(THE TASK): Reproduce the closing run of lines below verbatim, from the line that contains "this 562×415 image." up to and including the final line.

* * * * *

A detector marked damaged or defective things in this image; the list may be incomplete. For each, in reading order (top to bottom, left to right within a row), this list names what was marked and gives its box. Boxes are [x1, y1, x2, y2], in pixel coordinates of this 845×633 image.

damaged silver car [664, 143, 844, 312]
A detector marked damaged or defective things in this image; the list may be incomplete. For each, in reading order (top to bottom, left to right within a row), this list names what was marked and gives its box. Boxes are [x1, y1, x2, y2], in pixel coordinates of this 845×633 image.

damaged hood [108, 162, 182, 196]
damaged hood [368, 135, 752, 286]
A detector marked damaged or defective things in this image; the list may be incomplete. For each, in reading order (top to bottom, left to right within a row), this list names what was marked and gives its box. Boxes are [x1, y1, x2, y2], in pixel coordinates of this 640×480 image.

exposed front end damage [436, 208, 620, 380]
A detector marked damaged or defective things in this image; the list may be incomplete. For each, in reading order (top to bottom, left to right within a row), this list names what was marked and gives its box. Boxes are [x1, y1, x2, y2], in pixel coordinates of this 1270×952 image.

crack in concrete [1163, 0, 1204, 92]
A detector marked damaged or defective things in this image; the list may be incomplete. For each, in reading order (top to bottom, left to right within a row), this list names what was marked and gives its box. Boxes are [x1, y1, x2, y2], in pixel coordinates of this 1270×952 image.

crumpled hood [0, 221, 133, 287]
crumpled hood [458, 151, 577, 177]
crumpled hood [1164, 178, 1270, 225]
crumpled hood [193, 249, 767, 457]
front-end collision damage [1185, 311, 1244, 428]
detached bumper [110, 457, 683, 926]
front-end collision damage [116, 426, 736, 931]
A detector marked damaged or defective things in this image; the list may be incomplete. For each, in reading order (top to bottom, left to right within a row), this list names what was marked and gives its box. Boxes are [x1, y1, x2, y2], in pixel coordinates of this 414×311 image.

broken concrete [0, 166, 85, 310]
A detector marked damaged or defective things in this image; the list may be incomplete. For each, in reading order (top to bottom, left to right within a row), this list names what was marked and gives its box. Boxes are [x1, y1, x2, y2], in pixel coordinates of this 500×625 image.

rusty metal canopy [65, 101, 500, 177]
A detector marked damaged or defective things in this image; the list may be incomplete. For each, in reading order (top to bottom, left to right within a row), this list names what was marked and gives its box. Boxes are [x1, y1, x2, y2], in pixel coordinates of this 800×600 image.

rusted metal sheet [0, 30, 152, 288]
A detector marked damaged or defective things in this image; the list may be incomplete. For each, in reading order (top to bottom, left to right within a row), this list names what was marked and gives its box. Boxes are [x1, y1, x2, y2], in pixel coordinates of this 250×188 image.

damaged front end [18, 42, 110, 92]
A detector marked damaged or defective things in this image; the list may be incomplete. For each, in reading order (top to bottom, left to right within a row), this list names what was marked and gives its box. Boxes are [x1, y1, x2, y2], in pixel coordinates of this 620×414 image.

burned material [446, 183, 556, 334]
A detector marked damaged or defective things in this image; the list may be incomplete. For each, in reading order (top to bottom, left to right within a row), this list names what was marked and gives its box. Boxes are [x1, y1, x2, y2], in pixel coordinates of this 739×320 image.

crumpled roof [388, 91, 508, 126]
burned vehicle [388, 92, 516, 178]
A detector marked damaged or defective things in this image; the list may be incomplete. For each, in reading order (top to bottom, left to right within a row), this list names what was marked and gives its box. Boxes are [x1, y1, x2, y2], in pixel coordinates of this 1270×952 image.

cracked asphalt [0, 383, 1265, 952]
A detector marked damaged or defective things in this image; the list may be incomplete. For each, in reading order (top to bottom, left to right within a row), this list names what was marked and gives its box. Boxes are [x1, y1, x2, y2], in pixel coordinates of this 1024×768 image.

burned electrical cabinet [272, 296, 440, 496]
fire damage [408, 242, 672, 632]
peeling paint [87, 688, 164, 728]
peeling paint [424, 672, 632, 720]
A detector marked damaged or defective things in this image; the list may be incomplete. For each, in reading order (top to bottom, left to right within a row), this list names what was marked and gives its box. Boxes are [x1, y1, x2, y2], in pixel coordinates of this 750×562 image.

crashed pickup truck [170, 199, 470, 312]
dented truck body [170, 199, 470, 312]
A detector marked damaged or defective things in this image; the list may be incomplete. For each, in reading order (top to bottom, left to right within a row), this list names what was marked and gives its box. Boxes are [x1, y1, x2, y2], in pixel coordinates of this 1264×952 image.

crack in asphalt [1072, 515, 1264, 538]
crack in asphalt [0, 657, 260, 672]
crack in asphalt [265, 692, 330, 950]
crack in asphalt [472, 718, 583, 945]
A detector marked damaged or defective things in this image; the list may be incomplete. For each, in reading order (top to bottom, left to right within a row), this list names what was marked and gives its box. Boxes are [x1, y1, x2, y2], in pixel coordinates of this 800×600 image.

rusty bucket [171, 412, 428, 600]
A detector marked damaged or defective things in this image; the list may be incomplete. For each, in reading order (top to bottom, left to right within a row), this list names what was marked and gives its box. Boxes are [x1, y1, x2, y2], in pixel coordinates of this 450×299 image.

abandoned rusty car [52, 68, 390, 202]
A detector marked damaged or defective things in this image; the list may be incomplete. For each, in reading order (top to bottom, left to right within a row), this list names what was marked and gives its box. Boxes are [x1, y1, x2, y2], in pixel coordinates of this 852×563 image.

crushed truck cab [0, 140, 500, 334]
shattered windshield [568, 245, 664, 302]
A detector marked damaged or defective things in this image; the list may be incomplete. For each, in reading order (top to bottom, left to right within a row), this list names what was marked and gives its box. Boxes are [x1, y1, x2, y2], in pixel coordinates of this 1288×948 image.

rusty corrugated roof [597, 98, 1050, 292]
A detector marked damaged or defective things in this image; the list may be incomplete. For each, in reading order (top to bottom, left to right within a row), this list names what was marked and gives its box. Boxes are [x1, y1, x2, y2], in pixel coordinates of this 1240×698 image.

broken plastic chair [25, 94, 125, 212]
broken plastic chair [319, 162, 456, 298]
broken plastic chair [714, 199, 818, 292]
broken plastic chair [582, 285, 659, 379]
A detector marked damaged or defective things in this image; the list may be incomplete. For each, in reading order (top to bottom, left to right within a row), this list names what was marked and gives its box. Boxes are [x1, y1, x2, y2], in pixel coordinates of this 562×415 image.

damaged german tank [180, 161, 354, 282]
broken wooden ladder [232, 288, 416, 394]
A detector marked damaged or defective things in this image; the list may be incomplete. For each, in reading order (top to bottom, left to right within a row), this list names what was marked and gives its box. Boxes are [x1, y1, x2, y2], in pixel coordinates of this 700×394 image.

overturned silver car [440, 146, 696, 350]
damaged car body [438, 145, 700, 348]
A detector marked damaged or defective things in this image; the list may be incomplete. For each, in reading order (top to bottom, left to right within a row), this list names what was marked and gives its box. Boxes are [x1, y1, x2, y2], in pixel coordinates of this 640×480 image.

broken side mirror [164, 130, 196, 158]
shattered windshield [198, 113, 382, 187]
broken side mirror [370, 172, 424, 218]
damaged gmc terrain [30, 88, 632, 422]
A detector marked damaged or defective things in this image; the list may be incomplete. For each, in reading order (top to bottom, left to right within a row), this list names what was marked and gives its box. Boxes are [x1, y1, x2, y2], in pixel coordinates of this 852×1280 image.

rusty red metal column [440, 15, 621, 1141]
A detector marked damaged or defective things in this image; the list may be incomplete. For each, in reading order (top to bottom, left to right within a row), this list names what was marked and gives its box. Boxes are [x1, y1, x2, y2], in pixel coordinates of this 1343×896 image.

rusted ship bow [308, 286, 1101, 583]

* * * * *

(SOLUTION FOR THIS PROBLEM):
A detector marked damaged or defective things in this image; the list may be incomplete. For each, in reading order (top to bottom, left to right within a row), this list names what was marked and gives its box. Boxes are [x1, y1, x2, y2], in pixel coordinates of this 562×415 image.

damaged german tank [180, 161, 354, 282]
broken wooden ladder [232, 288, 416, 394]
A detector marked damaged or defective things in this image; the list may be incomplete. For each, in reading order (top to bottom, left to right within a row), this list names what was marked and gives its box. Boxes are [x1, y1, x2, y2], in pixel coordinates of this 700×394 image.

overturned silver car [440, 146, 696, 350]
damaged car body [438, 145, 700, 348]
A detector marked damaged or defective things in this image; the list may be incomplete. For each, in reading order (top to bottom, left to right within a row), this list names what was marked and gives its box. Boxes are [x1, y1, x2, y2], in pixel coordinates of this 640×480 image.

broken side mirror [164, 130, 196, 158]
shattered windshield [198, 113, 382, 187]
broken side mirror [370, 172, 424, 218]
damaged gmc terrain [30, 88, 632, 422]
A detector marked damaged or defective things in this image; the list may be incomplete. For each, in reading order (top to bottom, left to right within a row), this list names what was marked and gives its box. Boxes are [x1, y1, x2, y2], in pixel coordinates of this 852×1280 image.

rusty red metal column [440, 15, 621, 1141]
A detector marked damaged or defective things in this image; the list may be incomplete. For each, in reading order (top to bottom, left to right within a row), this list names what was marked and gives its box. Boxes are [x1, y1, x2, y2], in pixel coordinates of this 1343×896 image.

rusted ship bow [308, 286, 1101, 583]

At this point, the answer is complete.